- _SUPPLIED DATA_
[Start of section]
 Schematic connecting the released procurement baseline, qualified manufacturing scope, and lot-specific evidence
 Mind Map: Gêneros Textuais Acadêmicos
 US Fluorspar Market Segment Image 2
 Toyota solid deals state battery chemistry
[End of section]
[Start of section]
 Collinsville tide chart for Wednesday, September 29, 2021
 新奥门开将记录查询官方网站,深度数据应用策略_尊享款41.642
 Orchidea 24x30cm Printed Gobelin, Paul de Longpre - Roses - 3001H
[End of section]
[Start of section]
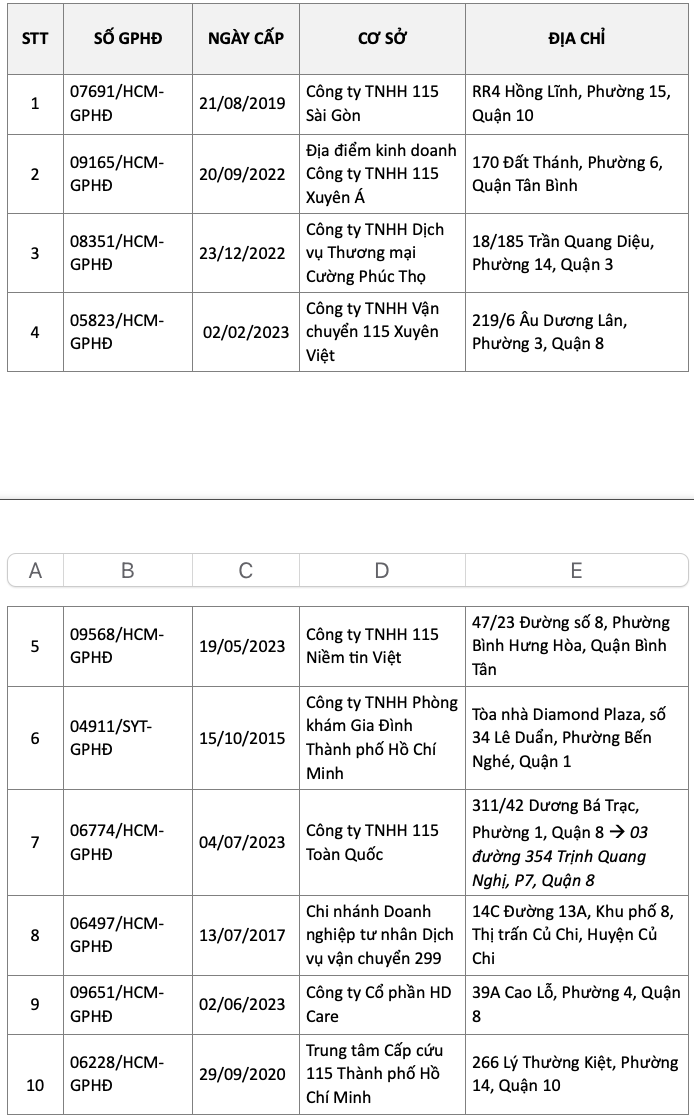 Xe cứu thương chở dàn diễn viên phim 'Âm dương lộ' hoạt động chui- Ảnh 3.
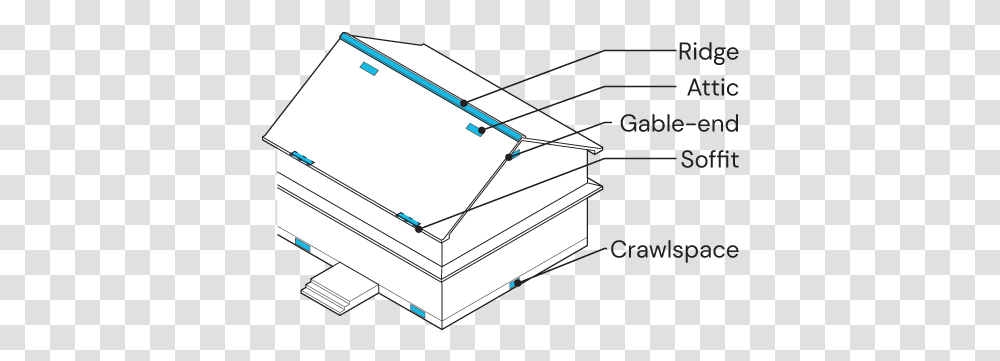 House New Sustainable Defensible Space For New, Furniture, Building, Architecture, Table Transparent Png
[End of section]
- _ASSIGNMENT_
Print exactly the lines above, between the one holding "Schematic connecting the" and the one holding "Toyota solid deals state battery chemistry", inclusive, and nothing besides.

- _RESPONSE BELOW_
 Schematic connecting the released procurement baseline, qualified manufacturing scope, and lot-specific evidence
 Mind Map: Gêneros Textuais Acadêmicos
 US Fluorspar Market Segment Image 2
 Toyota solid deals state battery chemistry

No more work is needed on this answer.